Problem #1 Image Transformations

import cv2
import numpy as np

# 1-1 Translation
def translate(image, x, y):
    h, w = image.shape[:2]
    translation_matrix = np.float32([[1, 0, x], [0, 1, y]])
    transformed_image = cv2.warpAffine(image, translation_matrix, (w, h))
    return transformed_image

# 1-2 Rotation
def rotate(image, angle):
    h, w = image.shape[:2]
    center = (w // 2, h // 2)
    transform_matrix = cv2.getRotationMatrix2D(center, angle, 1.0)
    transformed_image = cv2.warpAffine(image, transform_matrix, (w, h))
    return transformed_image

# 1-3 Affine Transformation
def AffineTransformation(image, source_points, target_points):
    transform_matrix = cv2.getAffineTransform(np.float32(source_points),
                                              np.float32(target_points))
    h, w = image.shape[:2]
    transformed_image = cv2.warpAffine(image, transform_matrix, (w, h))
    return transformed_image

# 1-4 Perspective Transformation
def PerspectiveTransformation(image, source_points, target_points):
    transform_matrix = cv2.getPerspectiveTransform(np.float32(source_points),
                                                   np.float32(target_points))
    h, w = image.shape[:2]
    transformed_image = cv2.warpPerspective(image, transform_matrix, (w, h))
    return transformed_image

warpAffine → 2x3 행렬 (Affine 변환, 직선 유지, 평행 유지)
warpPerspective → 3x3 행렬 (투시 변환, 원근감까지 표현 가능 → 직사각형이 사다리꼴로 변형될 수도 있음)

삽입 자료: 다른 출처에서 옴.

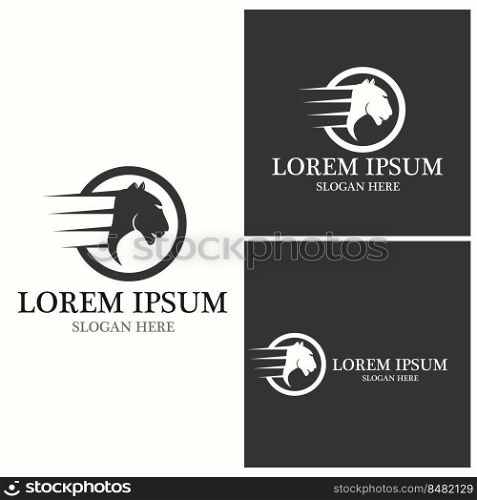 Black Puma logo vector template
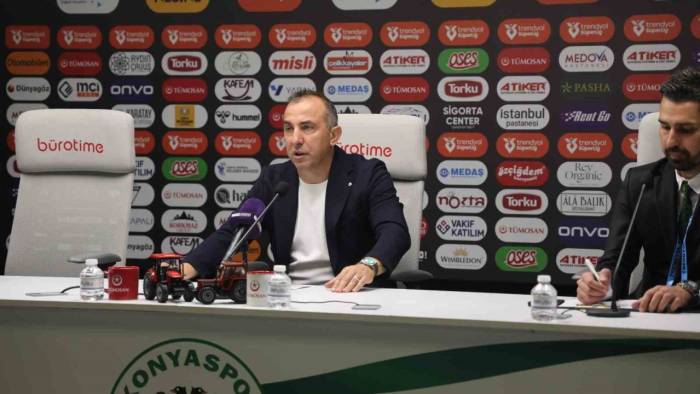 Konyaspor Teknik Direktörü Recep Uçar:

translate: cv2.warpAffine() 이용, translation matrix 만들어서 평행 이동.
rotate: cv2.getRotationMatrix2D() + cv2.warpAffine() 사용.
AffineTransformation: 3개 점을 기준으로 cv2.getAffineTransform() → cv2.warpAffine().
PerspectiveTransformation: 4개 점을 기준으로 cv2.getPerspectiveTransform() → cv2.warpPerspective().

Problem #2 Linear Filters

# 2-1 Gaussian Filter
def Gaussian_filter(image):
    result = cv2.GaussianBlur(image, (5, 5), 1.0)
    return result

# 2-1 Sobel
def Sobel(image):
    gray = cv2.cvtColor(image, cv2.COLOR_BGR2GRAY)
    grad_x = cv2.Sobel(gray, cv2.CV_64F, 1, 0, ksize=3)
    grad_y = cv2.Sobel(gray, cv2.CV_64F, 0, 1, ksize=3)
    result = cv2.magnitude(grad_x, grad_y)
    return result

# 2-1 Laplacian
def Laplacian(image):
    gray = cv2.cvtColor(image, cv2.COLOR_BGR2GRAY)
    result = cv2.Laplacian(gray, cv2.CV_64F, ksize=3)
    return result

Gaussian: 노이즈 줄이기 (사전 처리용)
Sobel: 가로/세로 방향 경계선 찾기
Laplacian: 전체 에지 한 번에 찾기 (하지만 노이즈 민감)

Gaussian_filter: cv2.GaussianBlur(image, (kernel, kernel), sigma)
Sobel: cv2.Sobel(image, cv2.CV_64F, dx, dy, ksize=...)
Laplacian: cv2.Laplacian(image, cv2.CV_64F)
Salt & Pepper noise 추가 함수는 이미 구현돼 있음 → add_salt_pepper_noise.

Problem #2-3 Median Blur

def median_blur(image):
    # 커널 크기를 다양하게 적용 (예: 3, 5, 7)
    result_3 = cv2.medianBlur(image, 3)
    result_5 = cv2.medianBlur(image, 5)
    result_7 = cv2.medianBlur(image, 7)
    return result_3, result_5, result_7

cv2.medianBlur(image, ksize)` 사용
다양한 커널 크기 적용 (3, 5, 7 등).

Problem #3 Image Pyramids

# 3-1 Resize (Down / Up Sampling)
def resize_examples(image):
    down_result_01 = cv2.resize(image, (image.shape[1]//2, image.shape[0]//2), interpolation=cv2.INTER_NEAREST)
    down_result_02 = cv2.resize(image, (image.shape[1]//2, image.shape[0]//2), interpolation=cv2.INTER_LINEAR)
    down_result_03 = cv2.resize(image, (image.shape[1]//2, image.shape[0]//2), interpolation=cv2.INTER_CUBIC)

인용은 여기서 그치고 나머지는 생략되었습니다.